> _Your instructions_
Below are some entries. Return exactly the lines from the one with "2 Bedroom Apartment in Mijas - Photo 2" through the final line, leaving out any pictures.
━━━━
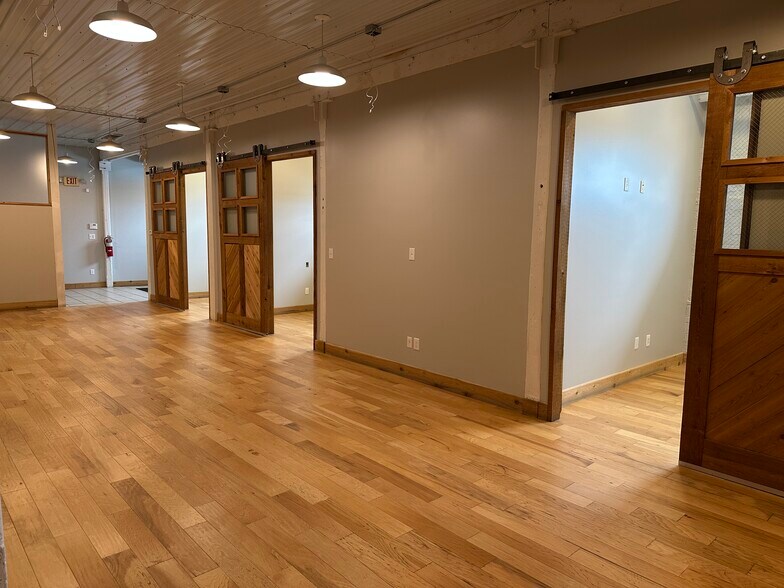 More Photos Of 9130 Otis Ave, Indianapolis Flex For Lease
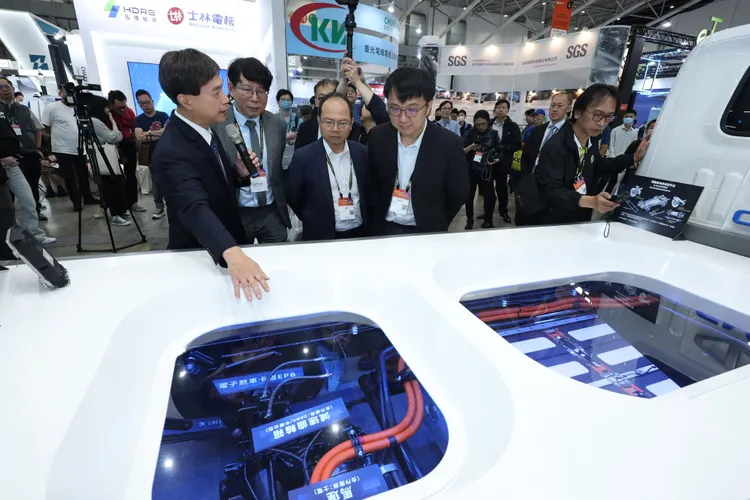 中華汽車展出了從底盤、動力系統到電池芯皆由臺灣廠商設計製造，零組件在地化生產率達到90％以上的臺灣首款量產 3.5 噸智慧電動商用車－ET35。TARC提供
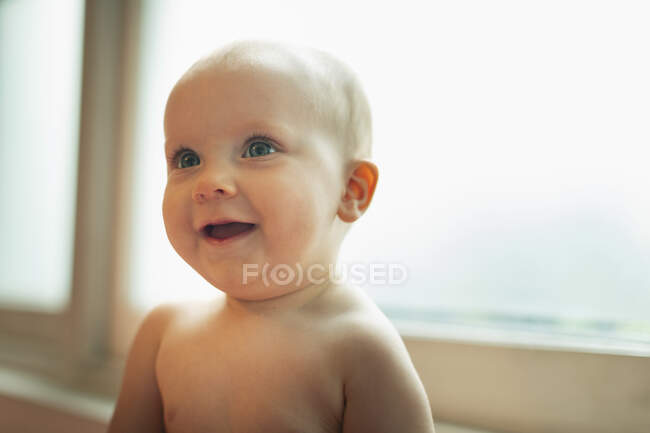 Bonito curioso bebê menina olhando para cima — Fotografia de Stock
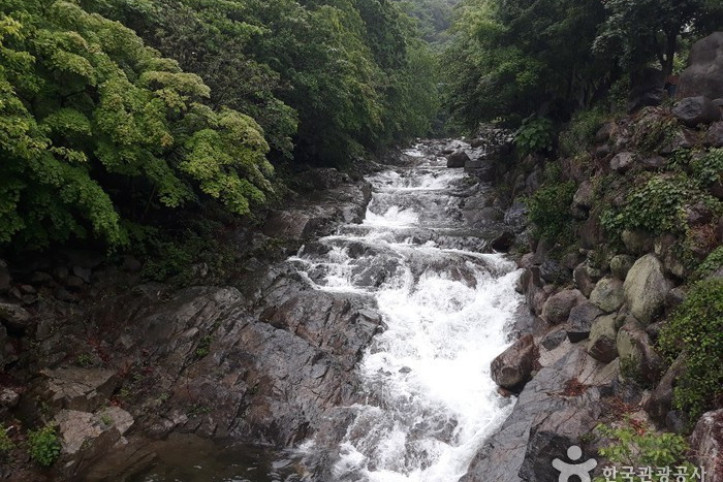 백운산_어치계곡_2_공공3유형.jpg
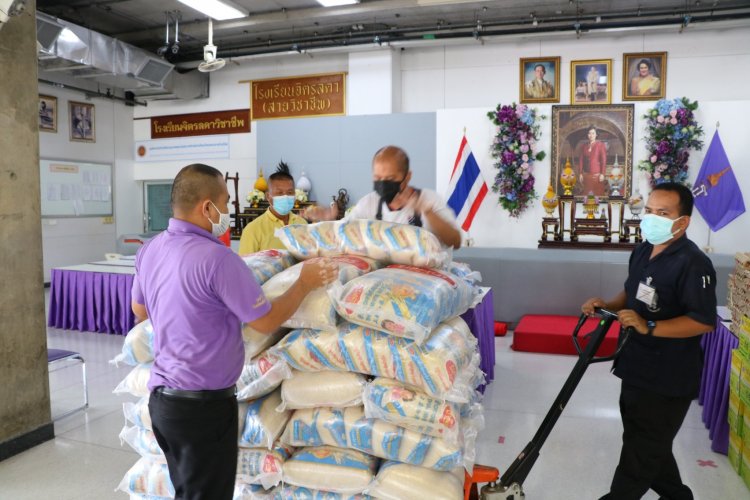 มอบวัตถุดิบและสิ่งของเพื่อช่วยเหลือผู้ประสบอุทกภัย — 9 พฤษภาคม 2025 — สถาบันเทคโนโลยีจิตรลดา CDTI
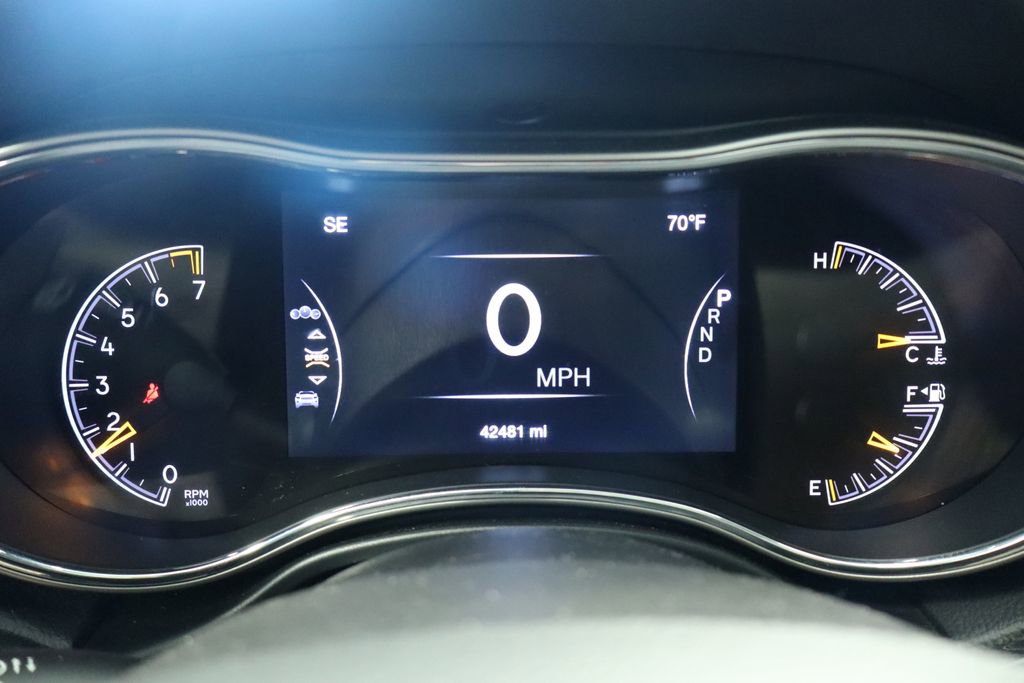 Used 2021 Jeep Grand Cherokee Trailhawk w/ Trailhawk Luxury Group image 46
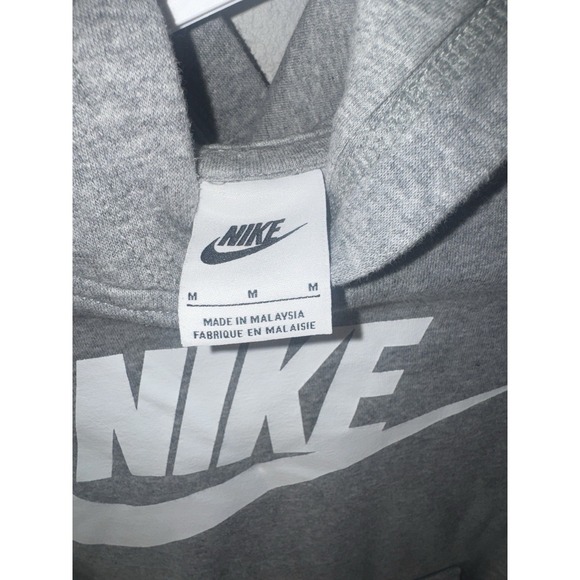 Nike kids Hoodie Club Fleece Gray M Sweatshirt Pullover like new - Picture 8 of 13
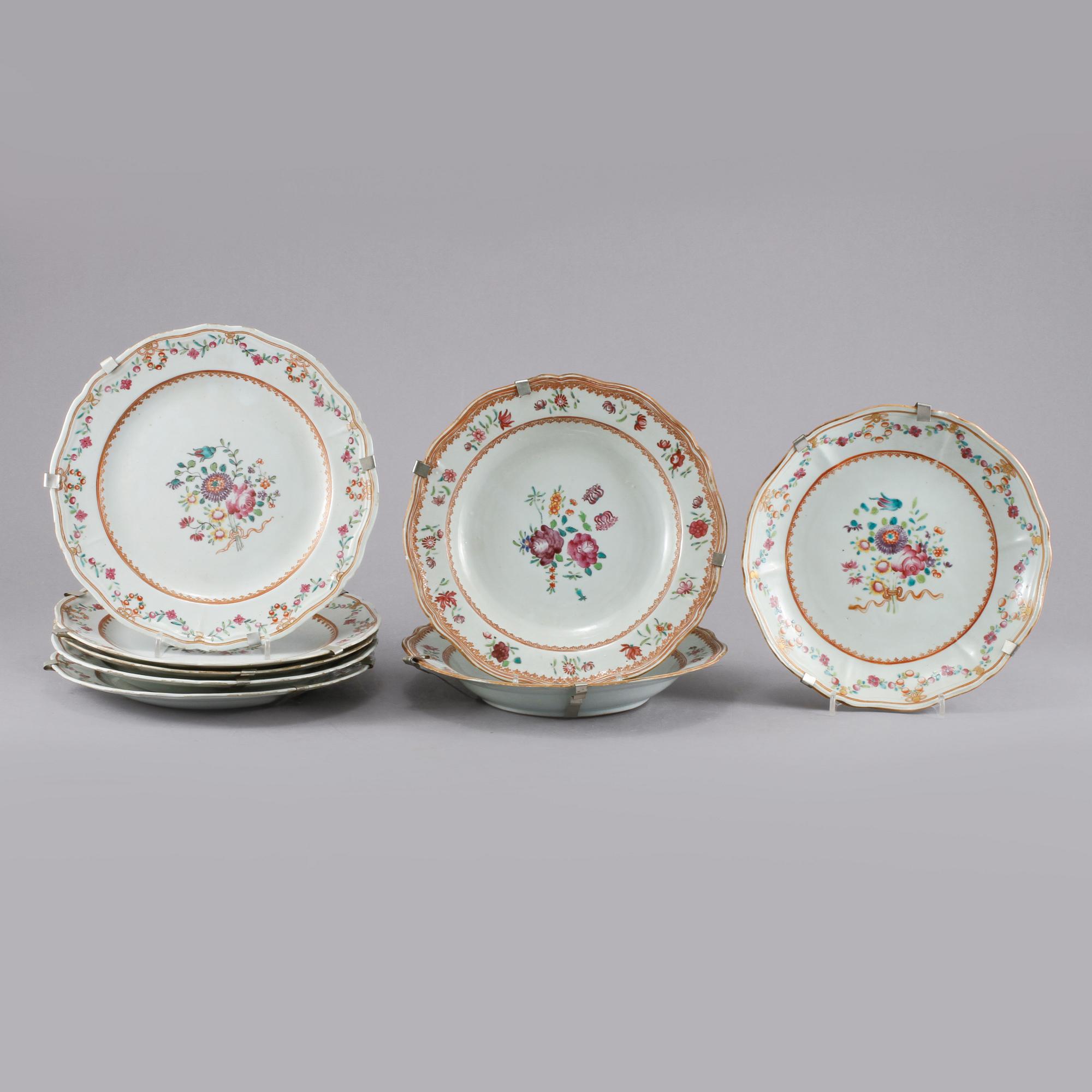 TALLRIKAR, 7 st, samt SKÅLFAT, porslin, Kina, 1700-tal.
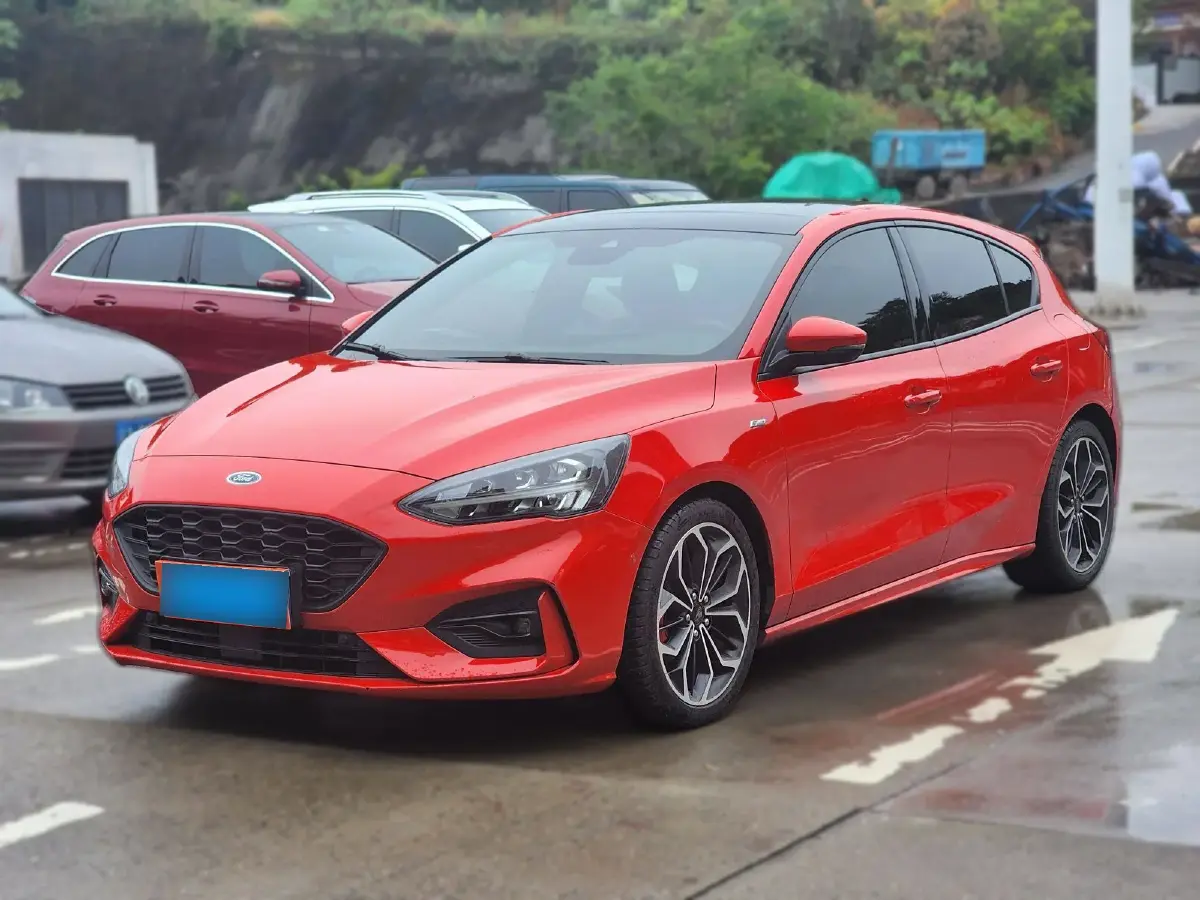 2019 Ford Focus 1.5T 184HP L3 8AT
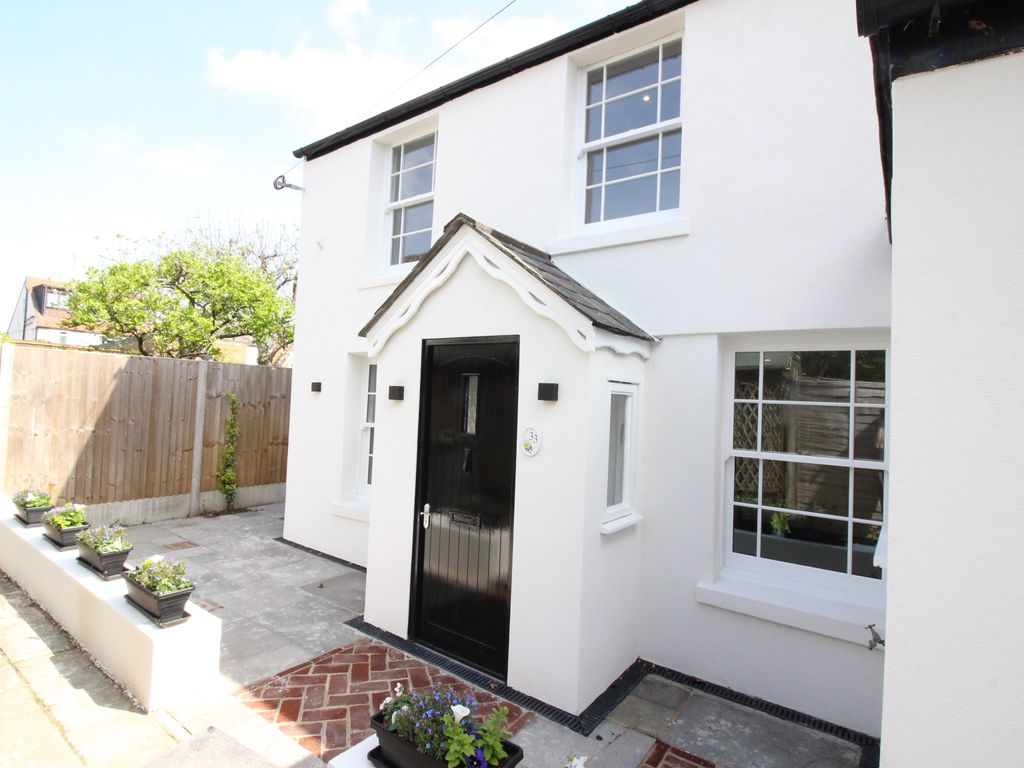 3 bed cottage for sale in Lime Grove, New Malden KT3, £635,000 Zoopla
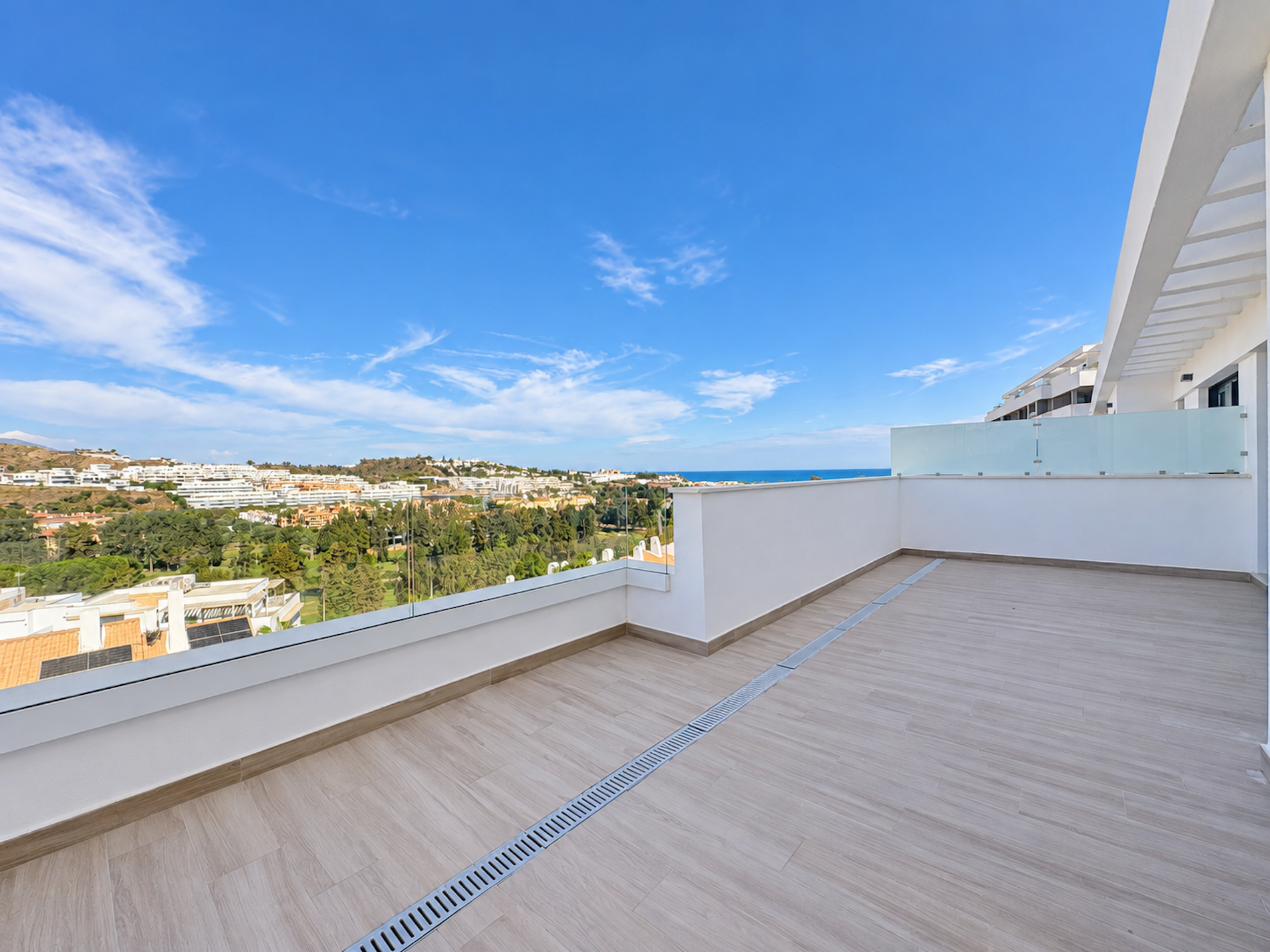 2 Bedroom Apartment in Mijas - Photo 2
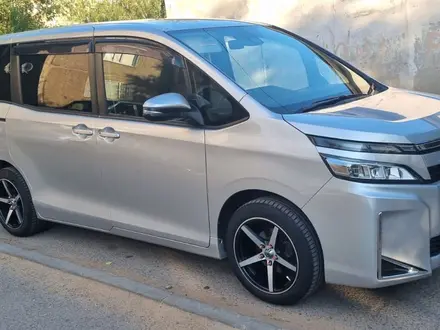 Toyota Noah 2017 года за 13 000 000 тг. в Астана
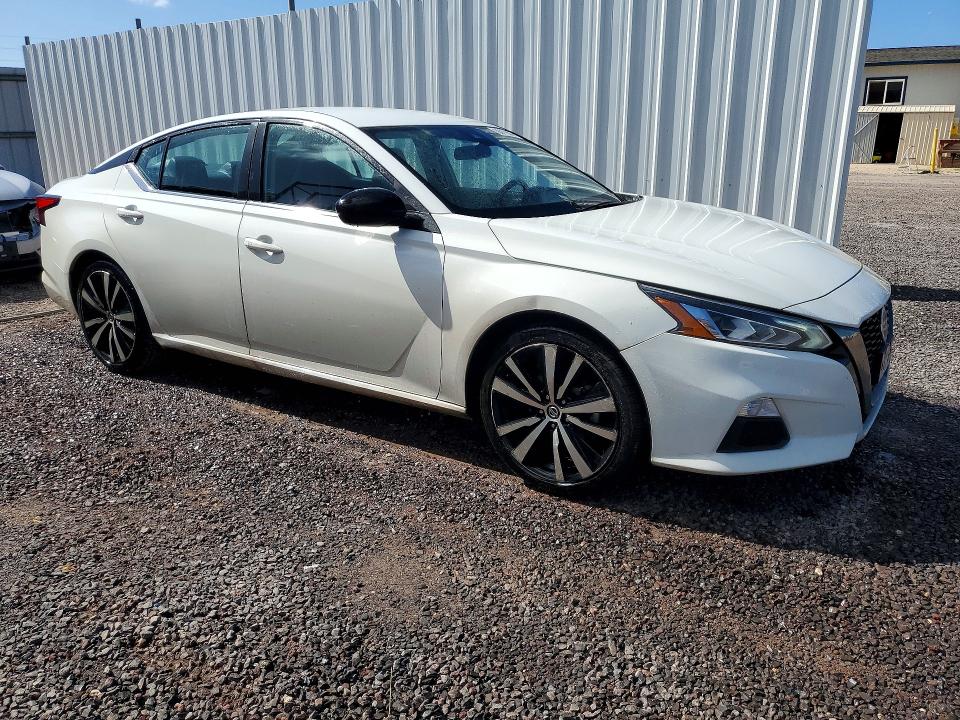 Продажа на аукционе авто 2021 Nissan Altima, vin: 1N4BL4CVXMN417025, номер лота: 77624795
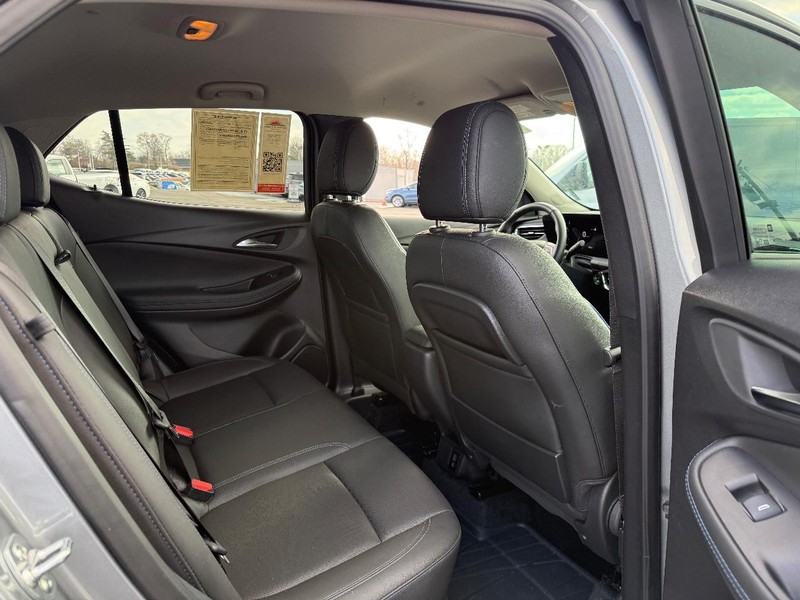 Buick Encore GX Vehicle Full-screen Gallery Image 11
━━━━
> _Written response_
 2 Bedroom Apartment in Mijas - Photo 2
 Toyota Noah 2017 года за 13 000 000 тг. в Астана
 Продажа на аукционе авто 2021 Nissan Altima, vin: 1N4BL4CVXMN417025, номер лота: 77624795
 Buick Encore GX Vehicle Full-screen Gallery Image 11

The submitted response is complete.